Keywords

IRB, quality improvement

 

Authors

  1. Nerenz, David R.
  2. Stoltz, Patricia K.
  3. Jordan, Jack

Abstract

Improving health care quality is increasingly recognized as a national priority in the United States. As a result, more and more health care organizations can be expected to undertake quality improvement (QI) initiatives. A question being raised with increasing frequency is: "Which QI activities need review by an institutional review board (IRB)?" Structured data collection and analysis is a common characteristic of most QI activities. For some QI projects, the fundamental goal is improved understanding of phenomena presumed to be generalizable to settings other than those directly studied. These activities are research. For other projects, the fundamental goal is improvement in specific processes and systems within specific organizations. These activities are not research. This article proposes that this difference in intent and the fundamental nature of the activity is crucial in deciding which QI initiatives need IRB review. The article presents test questions and markers to distinguish research from other types of QI activities. Those that are not research do not require IRB review. However, because such activities may still put patients at risk, some other review may be necessary. The article proposes five levels of risk and makes recommendations for review by an entity other than the IRB.

 

Quality improvement (QI) is a generic term for almost any sort of activity that has the desired effect of improving some aspect of the health care process, either in a single setting or in many settings. A question that arises with increasing frequency is: Which QI projects require review and approval by an institutional review board (IRB)?1-4

 

The issue is particularly salient today. In two landmark reports on US health care, one on patient safety and medical errors (1999) and one on the "quality chasm" between the care possible today and the care actually delivered (2001), the Institute of Medicine (IOM) has called for a major commitment to improvement in quality in the next decade.5,6 Expanding QI activities will inevitably lead to questions about the need for IRB review for those activities and possible written informed consent by patients, clinicians, or support staff who are involved.

 

Quality improvement research is another, newer, generic term with an even less precise meaning. One meaning is research in which the phenomena under study are quality improvement activities per se. This research would be exemplified by studies of the effects of QI programs or continuous quality improvement (CQI) initiatives as independent variables on some dimension of quality as the dependent variable.7 Another possible meaning is the study of changes in health care structures or processes (perhaps organized outside the context of CQI) and consequent changes in measures of quality. This type of QI research would be exemplified by studies of the effects on quality of implementation of clinical guidelines or physician reminder systems.8-10 Our task in this article is to address the issue of various kinds of QI activities and requirements for IRB review.
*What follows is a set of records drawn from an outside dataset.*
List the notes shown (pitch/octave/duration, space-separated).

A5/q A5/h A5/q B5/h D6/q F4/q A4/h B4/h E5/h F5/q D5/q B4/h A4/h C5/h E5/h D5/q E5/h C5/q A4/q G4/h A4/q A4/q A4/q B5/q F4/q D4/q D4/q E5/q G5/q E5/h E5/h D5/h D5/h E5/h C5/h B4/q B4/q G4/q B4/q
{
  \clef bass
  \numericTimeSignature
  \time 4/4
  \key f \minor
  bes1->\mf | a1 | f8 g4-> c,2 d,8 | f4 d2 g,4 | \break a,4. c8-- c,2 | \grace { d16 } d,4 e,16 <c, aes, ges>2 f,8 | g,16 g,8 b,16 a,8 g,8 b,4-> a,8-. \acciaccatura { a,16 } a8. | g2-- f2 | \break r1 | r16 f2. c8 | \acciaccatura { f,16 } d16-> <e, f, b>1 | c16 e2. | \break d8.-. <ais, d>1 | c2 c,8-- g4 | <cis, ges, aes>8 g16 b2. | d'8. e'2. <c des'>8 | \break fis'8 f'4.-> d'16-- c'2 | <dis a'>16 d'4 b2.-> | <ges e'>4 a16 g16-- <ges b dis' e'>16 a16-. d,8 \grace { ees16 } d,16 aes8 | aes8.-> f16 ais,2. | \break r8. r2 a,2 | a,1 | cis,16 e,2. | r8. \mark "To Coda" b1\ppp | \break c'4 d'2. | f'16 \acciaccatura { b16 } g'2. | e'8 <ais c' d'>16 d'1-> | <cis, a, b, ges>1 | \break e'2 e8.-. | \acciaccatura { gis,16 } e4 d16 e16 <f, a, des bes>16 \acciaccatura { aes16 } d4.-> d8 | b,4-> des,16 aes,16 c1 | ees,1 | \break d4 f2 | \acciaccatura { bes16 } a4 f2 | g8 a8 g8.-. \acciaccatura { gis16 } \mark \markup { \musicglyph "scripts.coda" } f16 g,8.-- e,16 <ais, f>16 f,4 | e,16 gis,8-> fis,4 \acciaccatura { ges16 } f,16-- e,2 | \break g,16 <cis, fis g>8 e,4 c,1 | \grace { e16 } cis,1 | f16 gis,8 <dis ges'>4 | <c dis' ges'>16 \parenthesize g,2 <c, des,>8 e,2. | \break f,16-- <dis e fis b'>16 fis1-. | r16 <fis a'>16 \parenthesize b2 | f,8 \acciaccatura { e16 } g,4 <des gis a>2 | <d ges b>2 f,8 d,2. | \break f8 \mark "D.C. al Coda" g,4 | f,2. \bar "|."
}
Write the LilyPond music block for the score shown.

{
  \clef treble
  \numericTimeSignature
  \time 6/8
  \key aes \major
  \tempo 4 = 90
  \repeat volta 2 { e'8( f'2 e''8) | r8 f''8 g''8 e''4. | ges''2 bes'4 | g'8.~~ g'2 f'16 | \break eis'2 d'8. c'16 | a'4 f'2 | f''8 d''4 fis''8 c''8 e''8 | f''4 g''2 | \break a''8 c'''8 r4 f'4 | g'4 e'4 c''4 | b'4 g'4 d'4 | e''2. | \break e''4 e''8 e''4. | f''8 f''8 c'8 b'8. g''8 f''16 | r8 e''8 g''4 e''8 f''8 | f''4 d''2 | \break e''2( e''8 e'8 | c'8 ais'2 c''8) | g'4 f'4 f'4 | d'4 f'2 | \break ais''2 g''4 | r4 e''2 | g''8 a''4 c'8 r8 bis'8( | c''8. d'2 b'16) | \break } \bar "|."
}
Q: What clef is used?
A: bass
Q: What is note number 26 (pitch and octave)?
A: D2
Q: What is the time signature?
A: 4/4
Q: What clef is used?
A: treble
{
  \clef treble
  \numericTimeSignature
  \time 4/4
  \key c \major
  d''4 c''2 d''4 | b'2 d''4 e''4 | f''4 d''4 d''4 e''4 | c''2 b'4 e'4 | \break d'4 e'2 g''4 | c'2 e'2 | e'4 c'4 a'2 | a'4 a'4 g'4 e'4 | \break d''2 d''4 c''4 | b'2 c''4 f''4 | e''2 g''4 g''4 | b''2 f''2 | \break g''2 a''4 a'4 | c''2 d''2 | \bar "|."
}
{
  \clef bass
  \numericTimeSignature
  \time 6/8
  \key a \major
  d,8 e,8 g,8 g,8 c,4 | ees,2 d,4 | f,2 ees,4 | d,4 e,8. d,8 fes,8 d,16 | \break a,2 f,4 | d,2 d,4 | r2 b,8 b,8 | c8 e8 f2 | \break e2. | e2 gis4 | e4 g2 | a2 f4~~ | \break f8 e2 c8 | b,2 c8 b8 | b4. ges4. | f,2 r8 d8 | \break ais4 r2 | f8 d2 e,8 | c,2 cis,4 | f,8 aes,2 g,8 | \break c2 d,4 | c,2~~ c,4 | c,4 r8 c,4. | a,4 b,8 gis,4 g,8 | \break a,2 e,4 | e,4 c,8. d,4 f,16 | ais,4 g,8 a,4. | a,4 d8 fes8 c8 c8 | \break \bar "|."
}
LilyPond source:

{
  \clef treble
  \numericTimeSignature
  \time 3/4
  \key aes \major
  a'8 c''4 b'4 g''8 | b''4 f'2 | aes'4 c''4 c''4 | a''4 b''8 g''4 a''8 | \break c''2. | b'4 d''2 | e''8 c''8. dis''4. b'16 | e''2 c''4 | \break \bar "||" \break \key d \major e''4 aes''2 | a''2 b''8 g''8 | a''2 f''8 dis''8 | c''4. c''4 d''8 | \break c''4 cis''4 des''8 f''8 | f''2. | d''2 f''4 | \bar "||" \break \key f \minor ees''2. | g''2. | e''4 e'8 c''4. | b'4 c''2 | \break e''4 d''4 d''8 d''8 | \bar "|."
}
We will argue that any activity whose fundamental objective is to gain knowledge about generalizable phenomena (processes and relationships) is research and should be subject to federal regulations about IRB review, regardless of whether its topic is quality improvement, organization of health services, or basic biological phenomena. We also argue that any activity whose fundamental objective is improvement in local processes is not research and is not subject to federal regulations about IRB review, regardless of whether the activity affects human participants or whether a description of the activity may eventually be presented at meetings or published in professional journals. We recognize that this distinction is different from those proposed by others who have taken up the same question1-4 about IRB review for QI activities; we will attempt to show how our distinction is more consistent with applicable federal regulations and less likely to result in undue and unnecessary burden on IRBs and delay in bringing the benefits of QI to health care organizations and those who depend on them.